One must not fail to also comment on the widely reported advice of our CBN governor, who recently counselled that Nigeria needs to prune the civil service by as much as 50%. What he got in return was a series of abuses. A visit to our ministries will reveal that a great number of civil servants do very little work for enormous gains–at our common expense. This observation is strengthened by the ongoing “pension funds scam” and the recent report of the lamentation of the President, who is said to have alleged that some directors in our federal civil service own more properties than Aliko Dangote. What Nigeria needs to do is to implement the advice of those clamouring for a drastic reduction in the number of civil servants in our bureaucratic life. But in doing so, we must prepare and provide against the social backlash from that reduction by offering those to be disengaged well planned skill development and entrepreneurship programmes prior to their disengagement and giving them seed money to set up cooperative ventures of small and medium scale enterprises, thereby creating employment and growing our economy from the medium to long term. We can, in this way, reduce drastically our annual recurrent expenditures by disengaging idle hands and overaged public servants declaring false ages with a view to remaining longer in the system for their selfish gains. Such a programme will result in encouraging them to take up the bait of offered seed money and offer of training for skills required to set up their own businesses. This suggestion is even more expedient, given the situation of the high rate of graduate unemployment Nigeria is reported to have. This explains why we are increasingly experiencing the large number of kidnapping, robberies, car snatching and advance fee fraud.
In conclusion, our leaders need to fashion out strategies to promote the sustainable development of our national economy for the good of this country. Our leaders must stop being insensitive to the prevailing reality of continued economic decline and the dangers ahead. We need to do something about growing this economy to stop us from being just exporters of crude oil, but rather make us net exporters of refined petroleum, create the parameters and the structures for attracting investment into our country and reduce our recurrent expenditure levels to below 50% of our annual budgets. By implementing some of the suggestions made here, we will be on our way to building a strong base for small and medium scale industries through the drastic reduction in the bloated bureaucracy in a structured and planned way, while at same time creating employment for our largely unemployed youths. By designing various programmes for the employment of our teeming millions of youths, we will also be solving our nagging social problems that are giving our nation a notoriously bad image in the eyes of tourists and international investors.  We must act to halt the economic degradation of our country. We must also develop the courage to punish the looters of our commonwealth, no matter how highly placed. We must ostracise those with ill- gotten wealth if we want to save this nation from abyss.

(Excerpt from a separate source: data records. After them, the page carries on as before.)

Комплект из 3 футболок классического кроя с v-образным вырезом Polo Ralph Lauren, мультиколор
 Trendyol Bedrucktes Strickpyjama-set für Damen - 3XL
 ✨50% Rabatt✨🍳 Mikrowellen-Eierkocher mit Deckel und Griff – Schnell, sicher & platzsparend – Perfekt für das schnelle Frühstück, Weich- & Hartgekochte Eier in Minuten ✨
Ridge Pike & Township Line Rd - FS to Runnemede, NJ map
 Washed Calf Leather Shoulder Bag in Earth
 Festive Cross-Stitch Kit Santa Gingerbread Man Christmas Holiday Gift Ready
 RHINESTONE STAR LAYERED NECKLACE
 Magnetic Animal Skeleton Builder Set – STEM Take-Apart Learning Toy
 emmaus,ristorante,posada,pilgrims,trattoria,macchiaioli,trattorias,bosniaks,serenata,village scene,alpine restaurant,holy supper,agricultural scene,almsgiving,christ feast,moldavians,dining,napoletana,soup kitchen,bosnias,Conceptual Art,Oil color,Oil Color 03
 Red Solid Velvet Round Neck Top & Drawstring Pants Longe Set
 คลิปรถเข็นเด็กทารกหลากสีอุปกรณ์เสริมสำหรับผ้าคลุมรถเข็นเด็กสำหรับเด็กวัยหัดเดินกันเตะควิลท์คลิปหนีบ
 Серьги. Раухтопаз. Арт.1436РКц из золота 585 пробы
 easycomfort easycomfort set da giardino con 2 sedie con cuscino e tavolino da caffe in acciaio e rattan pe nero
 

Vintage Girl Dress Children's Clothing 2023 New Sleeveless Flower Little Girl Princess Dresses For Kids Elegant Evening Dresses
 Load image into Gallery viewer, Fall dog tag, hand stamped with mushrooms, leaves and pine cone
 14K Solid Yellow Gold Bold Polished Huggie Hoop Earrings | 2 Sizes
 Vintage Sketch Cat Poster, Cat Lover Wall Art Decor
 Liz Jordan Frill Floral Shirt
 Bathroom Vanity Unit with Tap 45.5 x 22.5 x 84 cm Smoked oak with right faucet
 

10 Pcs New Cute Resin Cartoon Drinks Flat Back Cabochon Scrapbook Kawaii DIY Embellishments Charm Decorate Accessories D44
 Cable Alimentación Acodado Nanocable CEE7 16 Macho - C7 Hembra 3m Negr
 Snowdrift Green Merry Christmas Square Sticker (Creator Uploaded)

Finally, let us put strategies in place to grow our agricultural production, associated processing and storage industries and build derivative petroleum industries for an encouraging future as a nation.
May we not have cause as a people to weep for our nation in some decades to come. The blame would be on us for not raising and finding solutions to these pertinent issues when we should have mustered the courage to do so for the good of our country.
—This article was adapted from a speech given at the launch of a book of photographs by Kunle Ogunfuyi on the mass protests against fuel subsidy removal in January 2012. Shyllon, an engineer, is the Founder / CEO,Omooba Yemisi Adedoyin Shyllon Art Foundation (OYASAF).